= What to do =
Go through the data and copy every line exactly, but not the images.

= Recorded information =
........

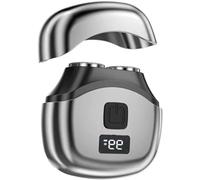 Rasoir électrique portable pour homme, mini rasoir avec indicateur de batterie LED, feuille à double voie, cutter amovible lavable, rechargeable de type C, rasoir sans fil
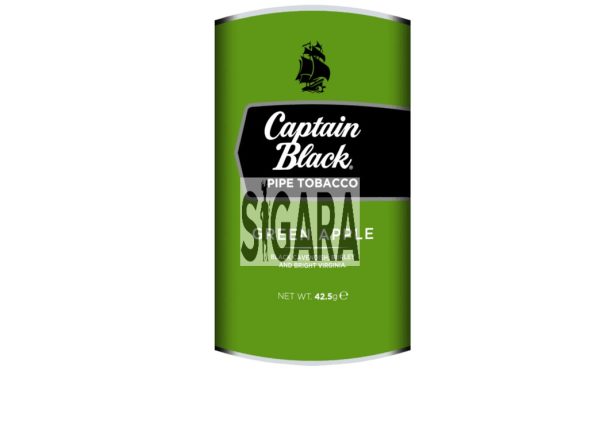 Captain Black Green Apple Pipo Tütünü (Elma Aromalı)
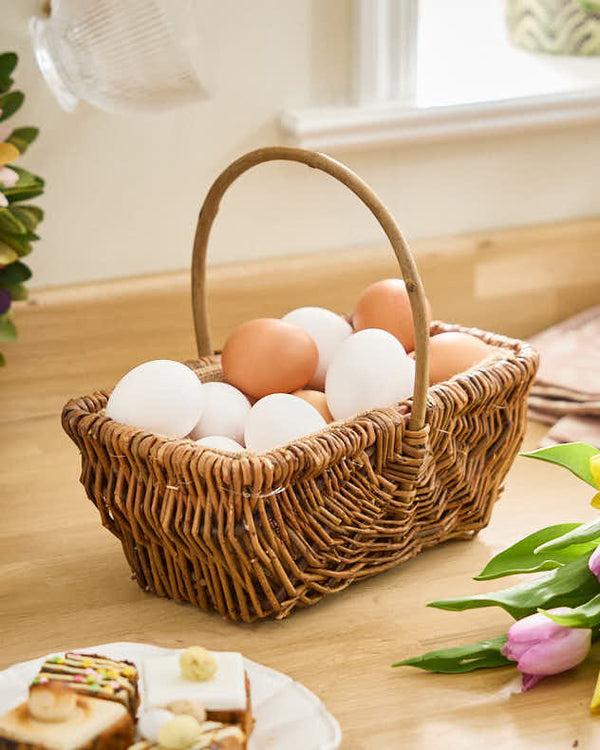 dibor Rectangular Willow Easter Basket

........

= Response to the task =
 Rasoir électrique portable pour homme, mini rasoir avec indicateur de batterie LED, feuille à double voie, cutter amovible lavable, rechargeable de type C, rasoir sans fil
 Captain Black Green Apple Pipo Tütünü (Elma Aromalı)
 dibor Rectangular Willow Easter Basket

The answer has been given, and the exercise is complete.